Offenbar ist die Hitze unter dem chattischen Kupferkessel, auf dem "Severus" eingraviert steht, gut dosiert. Der Deckel klappert eifrig und bedrohlich und ein wenig spritzt darunter hevor, ansonsten aber fliegen mir noch nicht Deckel und Kessel um die Ohren, vom Kamm ganz zu schweigen, dessen Zinken ich ungerne in meinen Hals gebohrt sehen würde.
"Naja, Severus, ich versteh' ja nichts von Mädels, aber warum sind die Mitarbeiter der Acta Diurna wohl in der Mehrzahl weiblich? Eben: wenn Du willst, daß eine Nachricht in kürzester Zeit die größtmöglichte Anzahl von Empfängern erreicht, erzähl' sie einer Frau." Ich kratze mich am Kopf, einem Mädchen ein Geheimnis anvertrauen war das dümmste, was man machen konnte, außer eben, man legte keinen Wert auf Geheimnisse. Wieso wußte Severus das nicht? "Daß Bridhe mit meinem Onkel offenbar 'was angefangen hat, das ist das Hinterletzte, keine Frage. Hab' ich ihr auch gesagt, Onkel Aquilius heiratet bald und Bridhe ist mit Dir zusammen ... oder jedenfalls damals gewesen. Jeder Mann hätte ihr dafür kräftig eine Abreibung verpaßt, klar. Da bin ich voll auf Deiner Seite" falls es Dich überhaupt interessiert ... "Aber Bridhe macht sich auch irre Sorgen, Sorgen hier, Sorgen da, Sorgen oben, Sorgen unten; wenn ich Interesse hätte, eine personifizierte Sorge kultisch zu verehren, würd' ich Ich habe noch lebhaft unser Gespräch im balneum in Erinnerung, eine nervenfetzende Angelegenheit.

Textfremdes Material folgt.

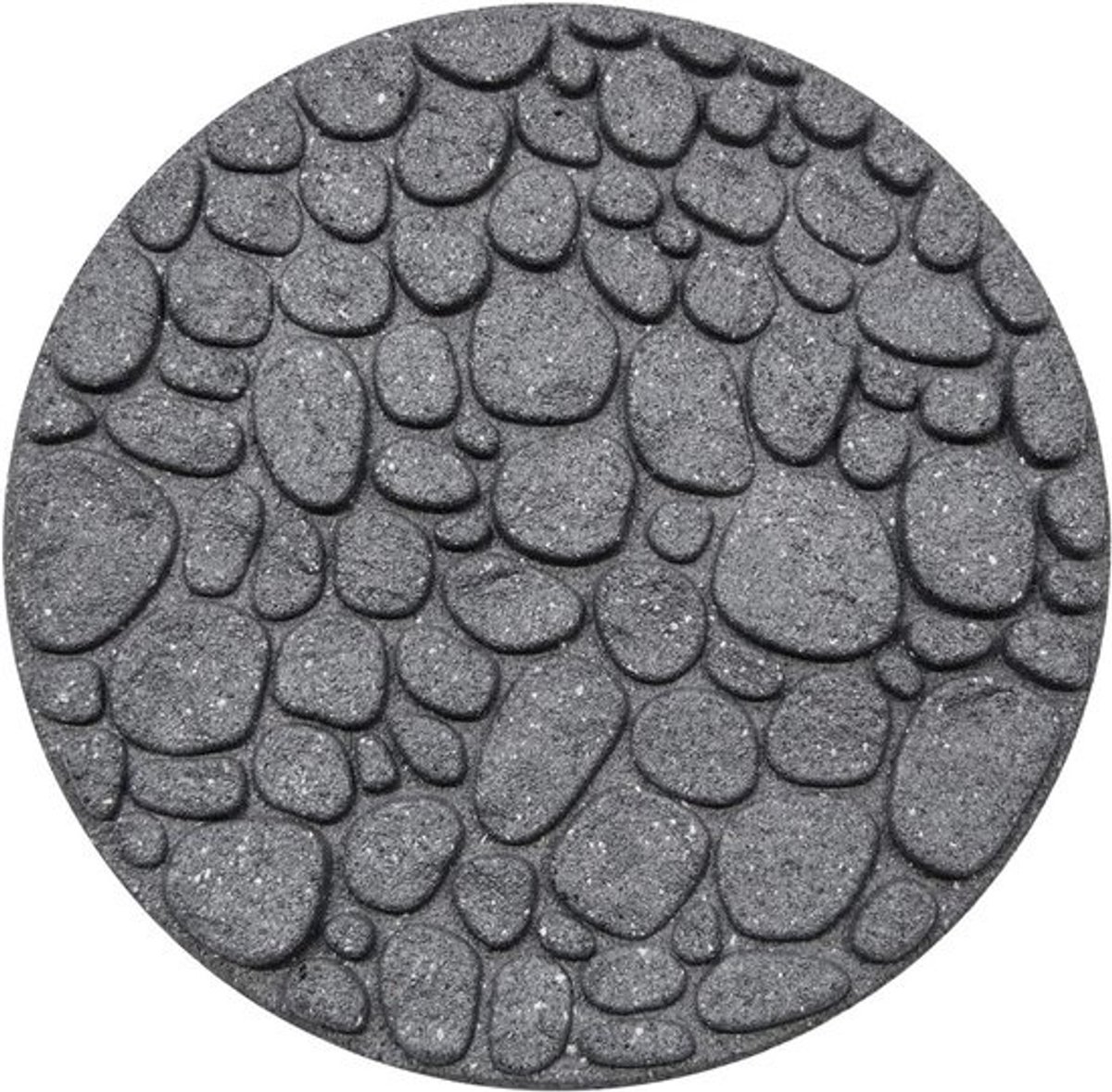 Stapsteen Rubber - Loopsteen Tuin - Veilig Buitenpad - Gemaakt van gerecycled materiaal - 45x45x1.8cm - Grijs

"Und, he, der Schmuck: ich ziehe meinen Hut vor Deinem Geschmack, das Geschmeide und die Steine sind das größenwahnsinnig obertollste, was ich je gesehen habe. Selbst meine Mutter hatte nicht so wertvolle Sachen. Kein Wunder, daß sich Bidhe fragt, woher Du das hast. Ich meine, keine Beleidigung, aber Du bist nunmal nicht irgendein chattischer Großfürst oder Händler, der mal einige Zeit hier in Rom sich die Zeit vertreibt und mit Aurei umsich wirft. Von dem, was Du Bridhe um den Hals gehängt hast, können viele Menschen monate- oder jahrelang ihr Futter kaufen." Ich schaue leicht ängstlich und bewundernd zugleich zu Severus. Der kümmerte sich nicht darum, wie etwas wirkte, er hält etwas für angemessen, dann macht er es. Ein großer Held, vielleicht von geringem Verstand, aber ein großer Held. Wie Achill, der sich auf dem Boden hockt und'n paar Runden schmollt, egal, ob dabei die troianische Expedition den Bach 'runtergeht oder nicht. Er will seine Briseis oder wie die hieß und basta. 'Helden sind wie Kinder', schießt es mir durch den Kopf, denn Kinder und Helden machen sich keine Sorgen.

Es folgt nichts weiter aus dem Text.